» Exercise objective: Copy exactly. Include the line containing "FESTO DSBC-63-160-CD3-PPVA-CS DOUBLE", every line after it, and the last line below, but no pictures.

» Stored data:

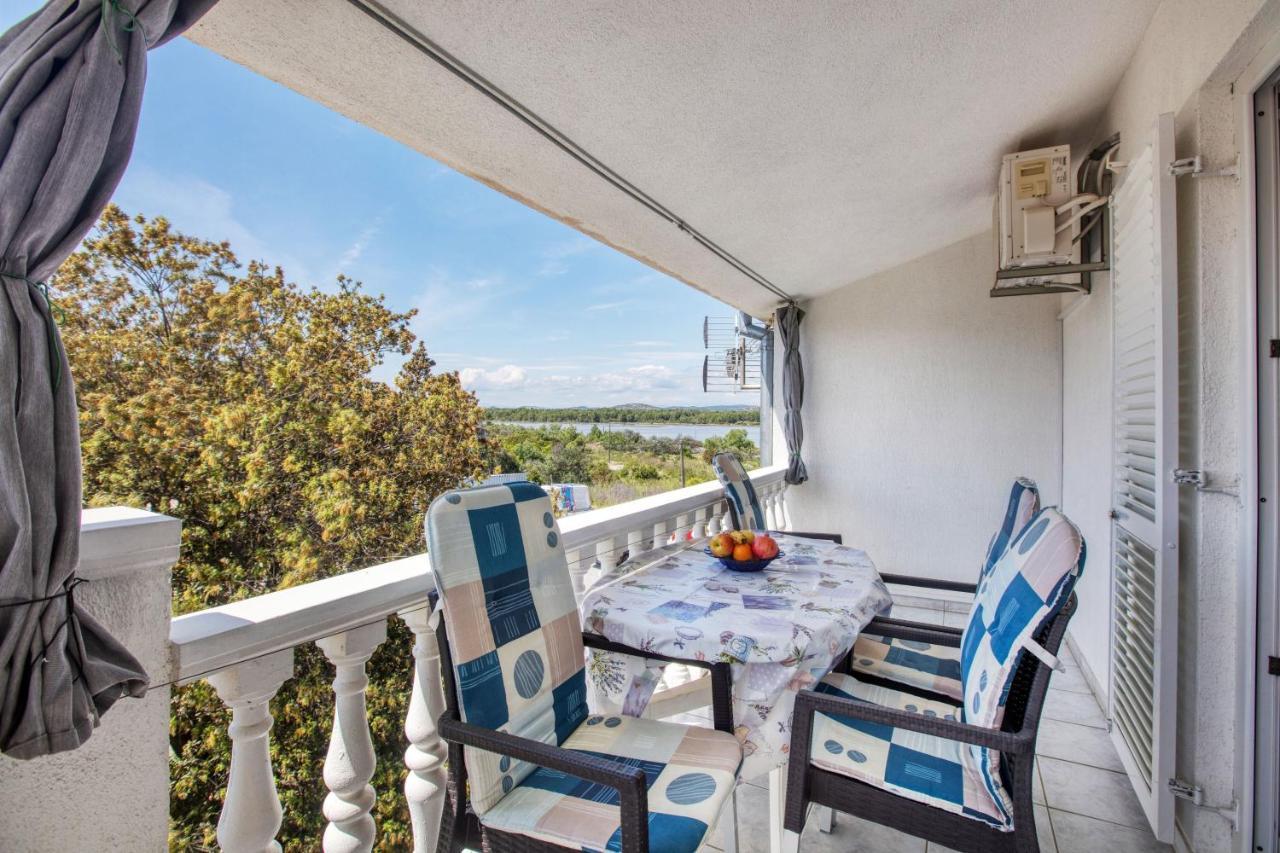 Apartments With A Parking Space Zablace, Sibenik - 4219 Exterior foto
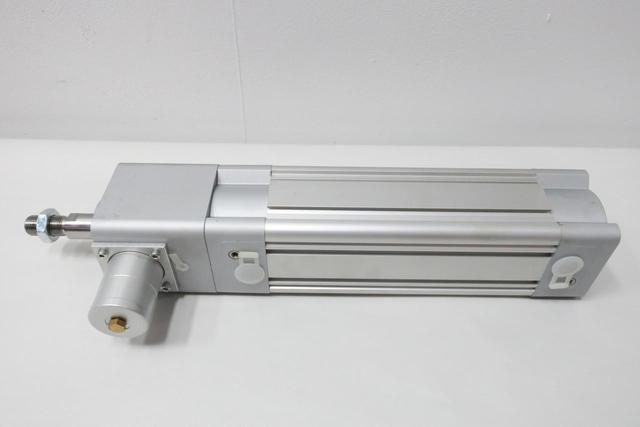 FESTO DSBC-63-160-CD3-PPVA-CS DOUBLE ACTING PNEUMATIC CYLINDER 63MM 160MM 10BAR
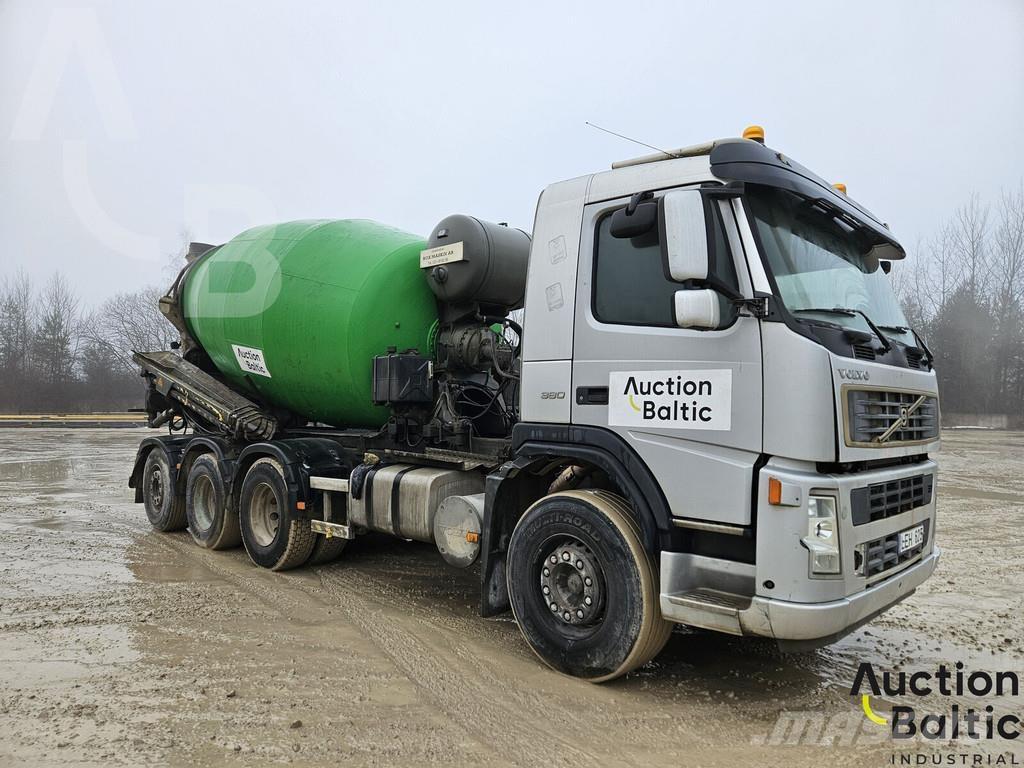 Volvo FM9 Concrete trucks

» Solved problem:
 FESTO DSBC-63-160-CD3-PPVA-CS DOUBLE ACTING PNEUMATIC CYLINDER 63MM 160MM 10BAR
 Volvo FM9 Concrete trucks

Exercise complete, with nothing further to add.